1/17/25 – I've advanced to candidacy! Thank you Catherine Albiston, Morgan Ames, Coye Cheshire, and Niloufar Salehi for being part of my committee.

1/14/25 – Our team from the UC Berkeley School of Information is excited to invite submissions to our Open Panel, Sociotechnical Perspectives on Public Interest Technology (#67), at the upcoming Society for the Social Studies of Science (4S) Conference in Seattle from September 3-7, 2025!

11/14/24 – Presented my work at CSCW 2024!

10/17/22 – Facilitated and co-organized "Who Has an Interest in Public Interest Technology?": Critical Questions for Working with Local Governments & Impacted Communities, a workshop at CSCW 2022.

09/22/22 – Gave a talk about Democratic Engagement and Procedural Justice in Algorithmic School Assignment at Society for Research on Educational Effectiveness, in Washington, DC

09/21/22 – Awarded Meta Resarch Grant for Fairness in Two-Sided Markets: "Community-centered design of school assignment mechanisms for equity"

01/01/22 – Awarded Grant from the National Science Foundation on "DASS: Legally & Locally Legitimate: Designing & Evaluating Software Systems to Advance Equal Opportunity"

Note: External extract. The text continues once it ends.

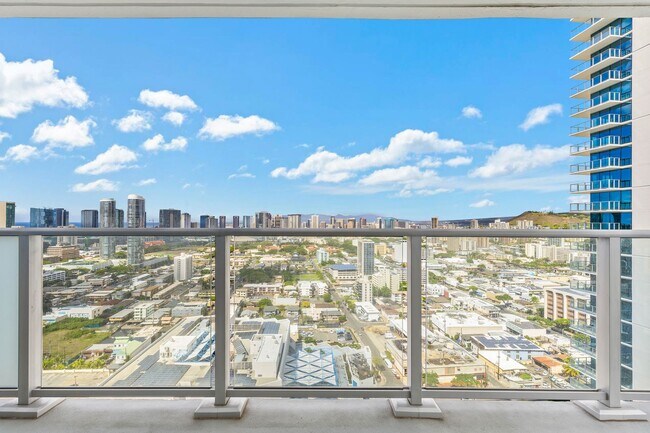 Building Photo - 2BD/2BA/2PKG. New Build, Contemporary Design, Views, Two Parking Stalls.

01/01/21 – Earned the Center for Technology, Society, and Policy Fellowship for 2021

Making

My—non-research related—projects.

Transportation & Wearable Design
Dérivé: Shoes Your Own Adventure →
Dérivé is a dynamic mode of discovery that lights the path to an adventure. My roles in this project included protoyping, wireframing, Arduino programming, and mobile app product design.
Wearable Design for Stress Relief, Grounding Practices
Calm.io: Instant Groundification →
Calm.io is an interactive bracelet that mediates grounding practices for relaxation and bodily awareness to ground users during stressful times. My roles in this project included literature review, programming, industrial design, and prototyping.
Protest Design, Public Art Installation
Hidden Systems: Black Box Ethics →
Heuristic Algorithm is an exploration of hidden mechanisms with the visual metaphor of a black box. My roles in this project included concept generation, programming, and prototyping.